充電の間に、高須さんが持ってこられたNinebotという小型のセグウェイに乗せて頂きました。セグウェイ電通大に居る時に遊ばせていただいたのですが、その時の感想は「スキーと左右の重心移動の感覚が似ていてショートターンができる」でした。小さいほうが若干難しいのですが、Ninebotのスマフォアプリに従って練習すると3分くらいで乗れるようになります、すぐにはスキー感覚は得られなかったのですが、最後にはスキーの感覚が再現でき、膝と足首だけを使った極小刻みなターンになることが分かりました。

半自動運転

そんなことをしているとshaoさんのスマフォには充電終了の通知がとっくに来ていて、いよいよ運転させていただきました。早速電気の急加速を試すと、数秒で制限速度まで加速します。それもガソリン車のようなエンジン全開の頑張りというか苦しさは全く無く、涼しい顔での急加速です。
首都高の合流ではその威力が発揮されます。加速しすぎて前との車間に気を使うほどでしたが、そこがまたよく出来ていて、アクセルの角度の変化に応じて加速だけでなく減速もするという、峠道をセカンドで吹かす時のようなやたらエンジンブレーキがよく効く挙動が標準です。普通のオートマのような設定もあり、中央のiPadもどきでリアルタイムに変更できるのですが、テスラの加速にぴったりなのはデフォルトの峠道モードでした。

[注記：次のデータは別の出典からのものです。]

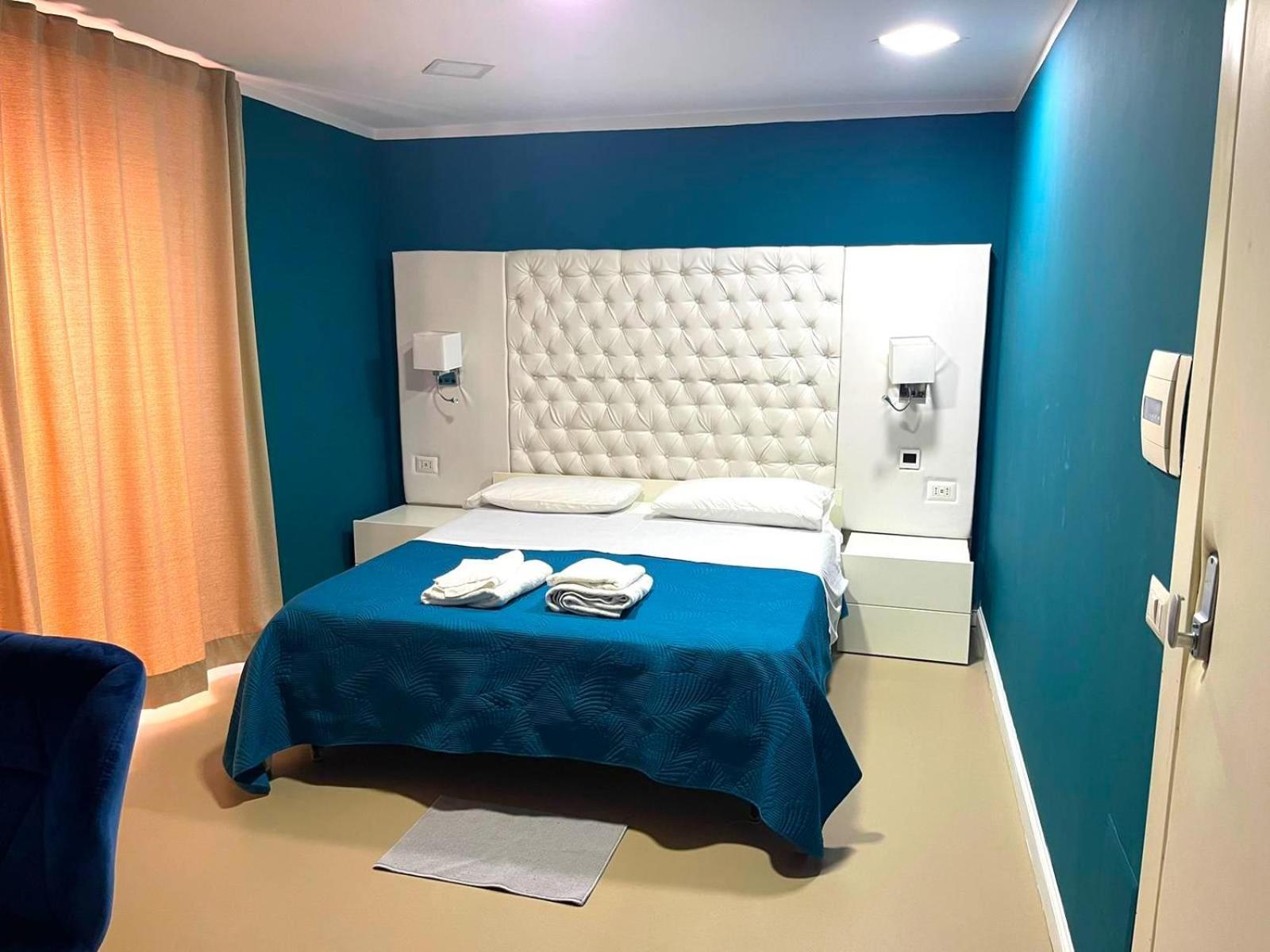 Bed And Breakfast Napoli Centro Storico Екстер'єр фото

首都高の合分流が一段落するといよいよ自動運転です。ハンドルの横にはウィンカーとは別にクルーズコントロール用のスティックが付いていて、パッシングをするように手前に引くとオートクルーズ、さらにダブルクリックすると自動運転に入ります。速度は上下で設定です。自動運転は基本的には画像で車線を読み取り、車線の真ん中を走りながら、周囲の車の動きを見ながら速度=車間を自動調整します。普段のアクセルとハンドルの操作を自動化してくれるわけです。

全自動ではないので自動運転を監視し必要なときに介入しないとならないのですが、そのUIがまた秀逸です。スピードメーターの下にあるカーナビ兼自動運転モニタに認識状況が自然に示されます。白線が読み取りにくい、バイクが認識できた等の様子が伝わってくるので、安心して様子を見つつ必要なときに介入できます。HUDでないのは残念ですが、当時の法令のためでしょうか。

ハンドルは当然バイラテラルで、自動運転中は勝手に動くハンドルを握って自動運転の意図を力で感じ取ることが人間の役割です。そのまま少しだけ力を加えるハンドルを回せば、すぐに自動運転が解除されます。この辺の操作系の設計思想はクルーズコントロールの拡張だと思えば当たり前ですが、完成度が高いと思いました。
また、車線変更もウィンカーを出すと周りの様子を見ながら自動で行ってくれます。これはなかなか高度だと思いますが、非常に的確な運転で安心して任せられました。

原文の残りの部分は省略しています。